Sampang, angkatberita.id -Demokrasi tak cukup hanya dipajang dalam slogan dan baliho kampanye, ia menuntut konsistensi dalam sikap, terutama bagi mereka yang mengklaim diri berada di jantung komunikasi publik, sayangnya, nilai luhur itu tampaknya mulai tergerus di tubuh Media Center Sampang (MCS).
Beberapa waktu lalu, sejumlah pengurus, termasuk pendiri MCS sendiri didepak secara sepihak dari grup internal organisasi, penyebabnya bukan pelanggaran etik atau penyalahgunaan wewenang, melainkan karena mereka terlihat duduk satu meja dengan pihak yang dianggap rival politik dalam Pilkada Sampang 2024, duduk bersama dianggap dosa, menyapa dianggap makar.
Yang lebih menggelikan, langkah ini disebut berdasarkan “instruksi pimpinan”, tapi siapa pimpinan yang dimaksud? Kenapa ia tak pernah muncul ke permukaan, hanya dijadikan perisai untuk keputusan-keputusan yang tak populer? Mengapa nama “pimpinan” juga kerap dibawa-bawa saat meminta sumbangan atau dukungan, seolah-olah ia mengamini setiap langkah pengurus yang kini merasa paling sah dan paling benar?

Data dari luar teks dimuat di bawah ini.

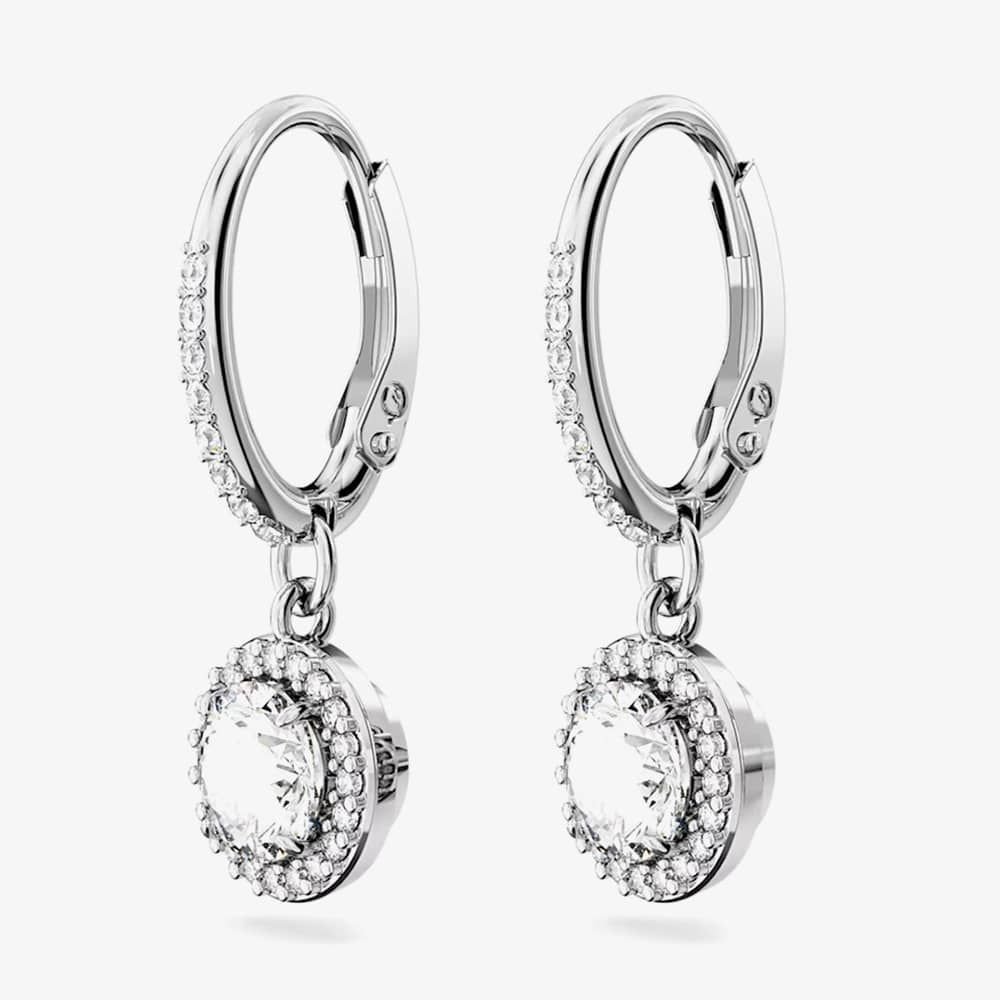 Swarovski Swarovski Women's Constella Silver Dropper Hoop Earrings 5636270 - 3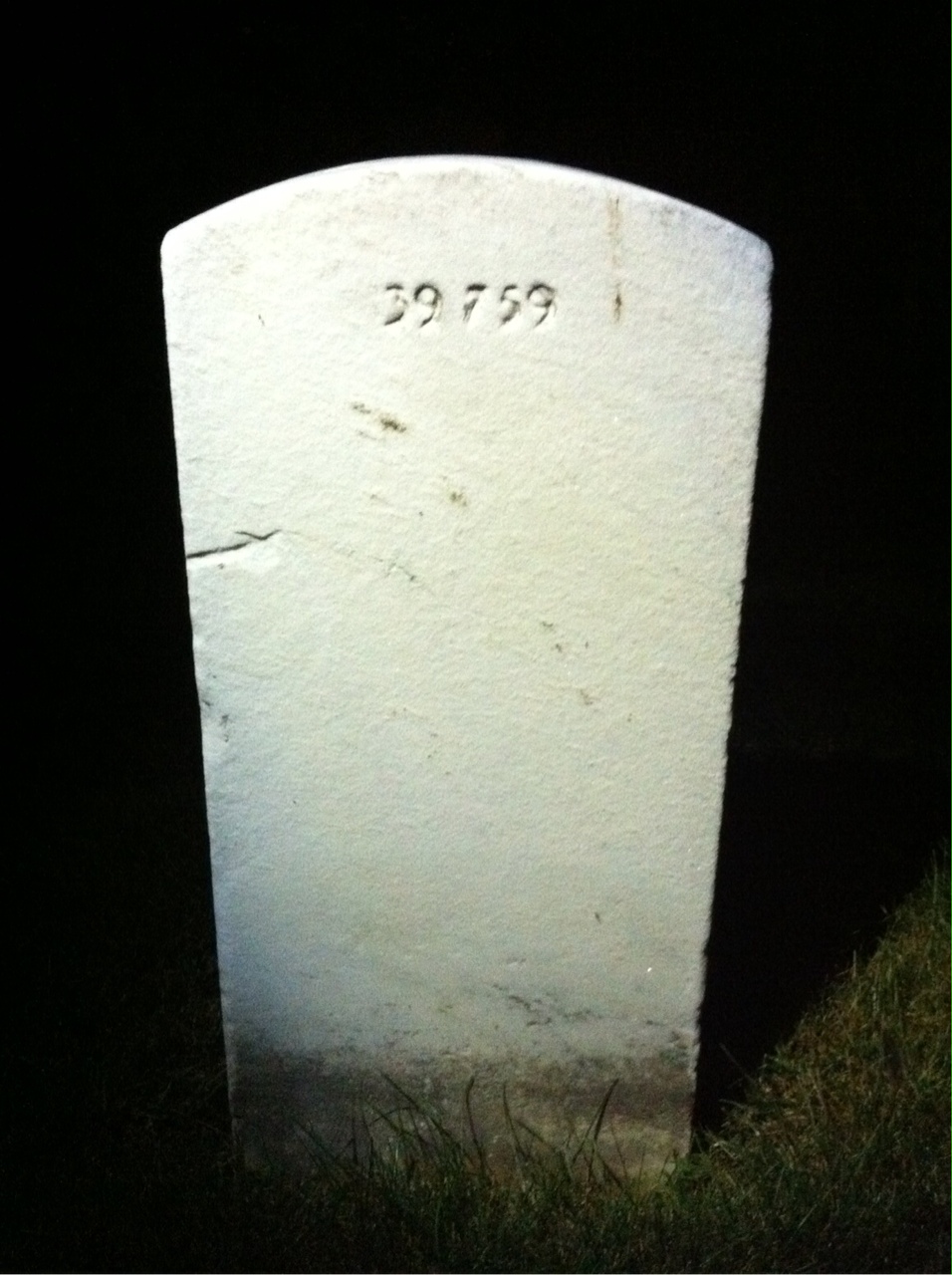 Back of headstone — Cleotha Anderson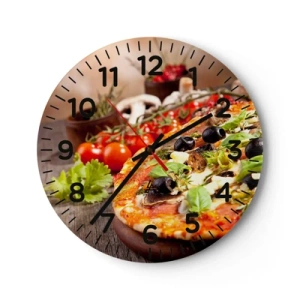 Zegar ścienny - Z tellurycznych ingrediencji - 30x30 cm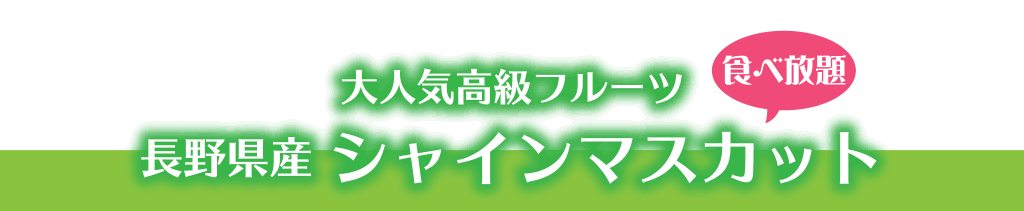 大人気高級フルーツ 長野県産 シャインマスカット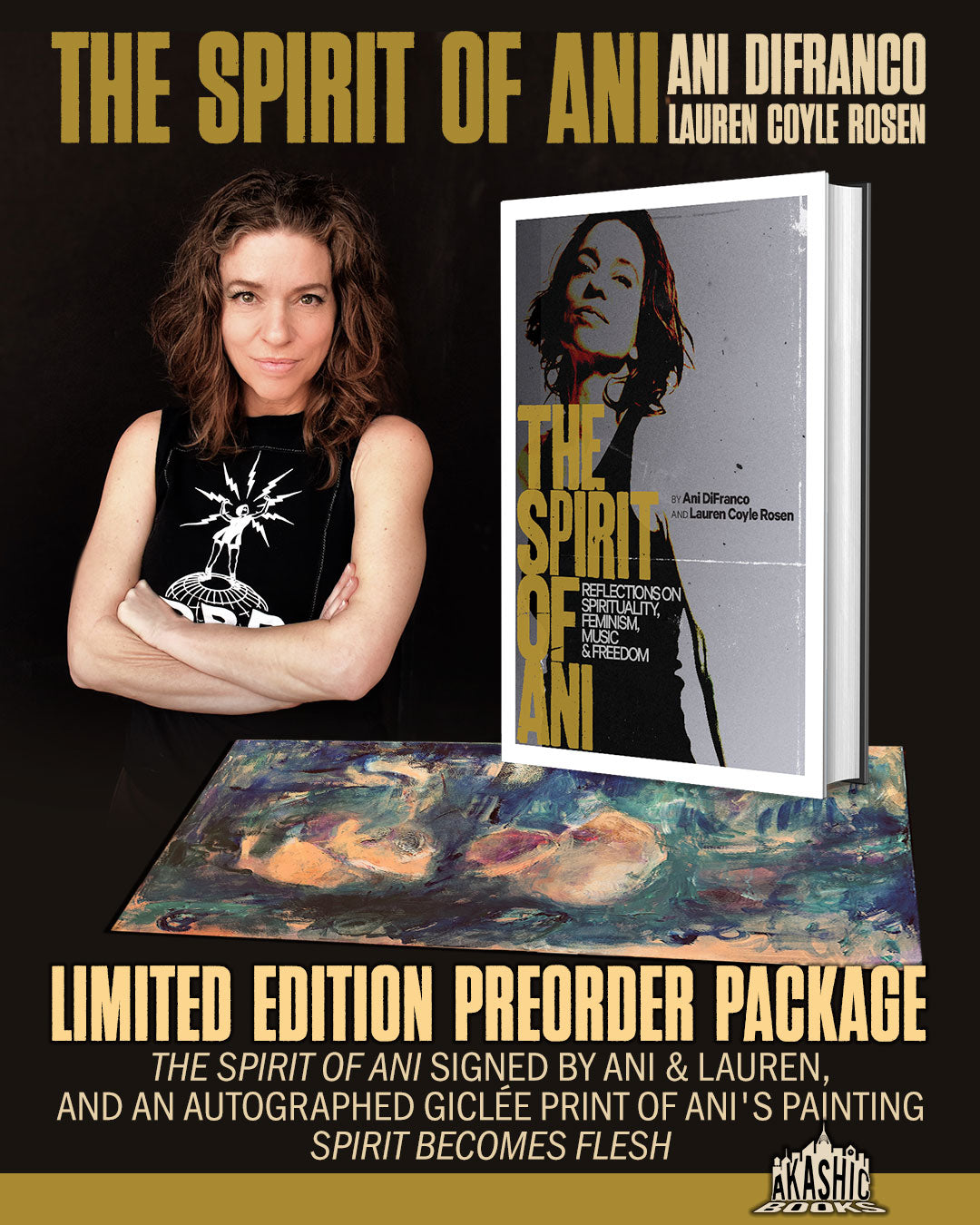 Ani DiFranco Announces Her Latest Book "The Spirit of Ani" Out March 3rd on Akashic Books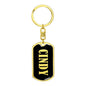 Cindy v02 - Luxury Dog Tag Keychain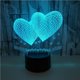 thumbnail image 4 of Injueey 7 cambio de color 3D holograma amor corazón lámpara USB acrílico luz para el hogar Kits de decoración para fiestas negro Injueey HA025184-01, 4 of 6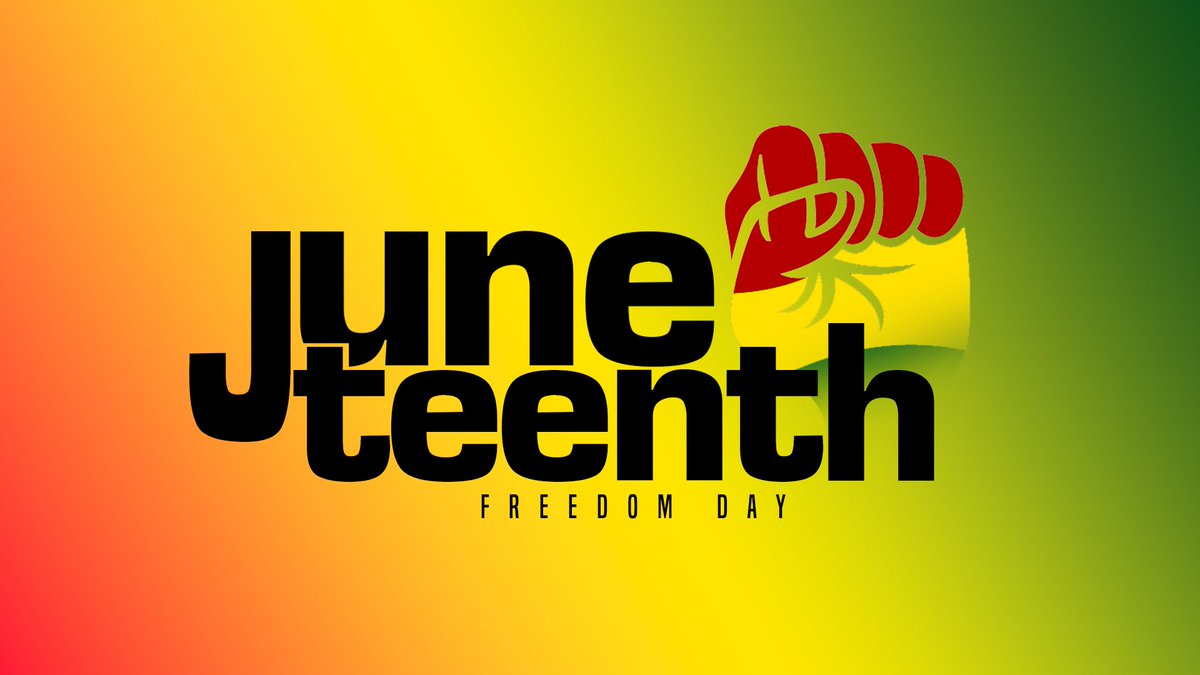 Today is a day of celebration, reflection and education. #Juneteenth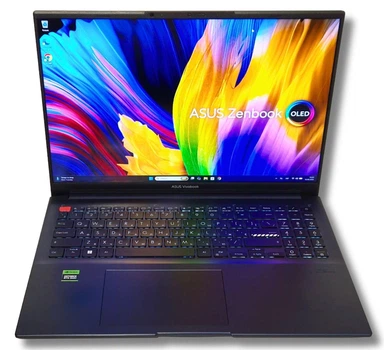 Ноутбук Професійний / Ігровий ASUS Vivobook Pro 16 K6602VU 16.0" 2560x1600, IPS, 16:10, 100% sRGB / DCI-P3 Core i7-13700H 16/1Тб RTX 4050 6Гб б/в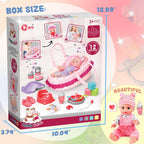 SMILESSKIDDO 14" Baby Doll for Toddler Girls with Dolls Accessiores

Tanpa konfirmasi, tanpa ruang dialog, apalagi klarifikasi, keputusan ini mencerminkan wajah otoritarianisme dalam miniatur, sebuah gaya kepemimpinan yang lebih cocok diterapkan di barak, bukan dalam komunitas jurnalistik yang seharusnya menjunjung tinggi keberagaman pandangan.
Kami yang dikeluarkan bukan sedang kecewa karena kehilangan grup WhatsApp, tapi prihatin terhadap matinya ruang dialog, rusaknya etika organisasi, dan lunturnya semangat kebersamaan yang dulu menjadi pondasi berdirinya MCS.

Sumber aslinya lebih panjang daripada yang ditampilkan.